There was a rumor that François I had given del Sarto money to buy artworks for his Court. Vasari claims that del Sarto destroyed his reputation with the French Court and any chance of ever being invited back to France by using the funds to buy a sizable property on Via della Crocetta in Florence while under the influence of his dishonest wife. Despite being widely known, this story is now regarded as a fabrication (not malicious). Sarto did, however, start "building himself a house in Florence, which was later inhabited and modified by several other painters," adding that it was "a substantial property without being a palace," as Shearman confirms.
Del Sarto also received a very prestigious commission from the Medici family after his return from France (who had become all-powerful since their return to Florence in 1512). Pope Leo X asked him to provide decorations for the Salone (lounge area) at the Villa di Poggio a Caiano outside of Florence; however, the project was abandoned after the Pope's passing in December 1521. Ottaviano de' Medici offered del Sarto an unusual commission in 1523, which he accepted. Federico II Gonzaga coveted Ottaviano's possession of Raphael's group portrait of Pope Leo X, a work of art (the Duke of Mantua).
Ottaviano hired del Sarto to create a replica because he did not want to lose Raphael's original and gave it to the Duke in its place. Del Sarto's copy is said to have been so accurate that it deceived even Giulio Romano, the artist who assisted Raphael with the original's rendering. Del Sarto and his family spent a brief period in Luco in Mugello in 1524 after the bubonic plague broke out in Florence.
Del Sarto later traveled to Rome, where Michelangelo had first met Vasari.
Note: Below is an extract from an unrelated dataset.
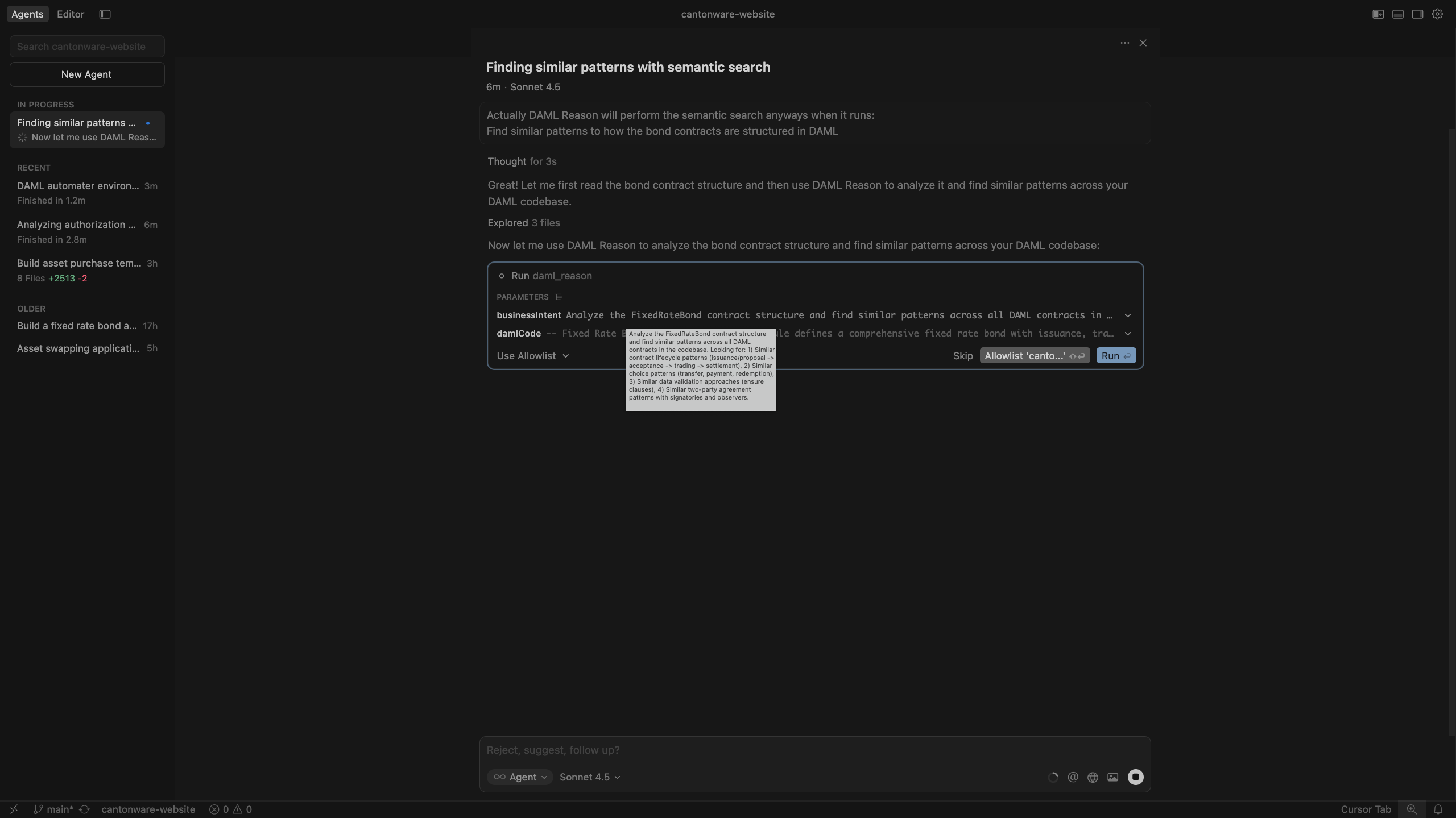 Semantic search finding similar patterns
After being sufficiently impressed by him, Vasari became one of del Sarto's pupils. Vasari would later express great ambivalence toward his former teacher, believing that although the artist possessed all the necessary skills to be a great artist, Michelangelo, Raphael, and Leonardo's work had more drive and ambition. Despite this, Ip notes that del Sarto filled two of Vasari's The Lives of the Artists biography's most significant entries—the first, in 1550, covering 40 pages, and the second, in 1568, covering 55 pages. Vasari criticized del Sarto, however, for his "apparent unwillingness to undertake the challenge of assimilating the antique and contemporary works in Rome during his brief stay" (Ip informs us that Dominique Cordellier's analysis of del Sarto's numerous sheet copies of Michelangelo and Baccio Bandinelli "tells a rather different story").
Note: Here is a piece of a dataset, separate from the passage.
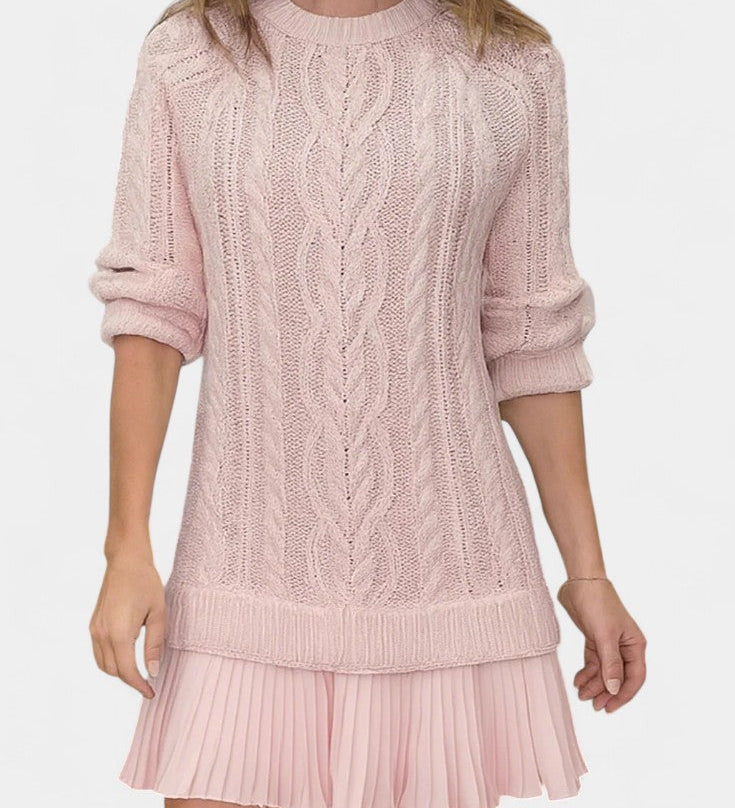 Daina Gedraaide Vorm Mini Tricot Jurk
However, Vasari considered del Sarto to be one of the greatest Florentine painters of his time. Vasari argued that del Sarto's (supposed) lack of "Roman experience" robbed him of the "'resolute boldness' and abundant invention [of] the Bella maniera (beautiful style)" even though his work "possessed the same naturalistic approach and sense of calm witnessed in the works of previous Florentine artists like Giotto, Masaccio, and Domenico Ghirlandaio." (The Art Story, n.d.)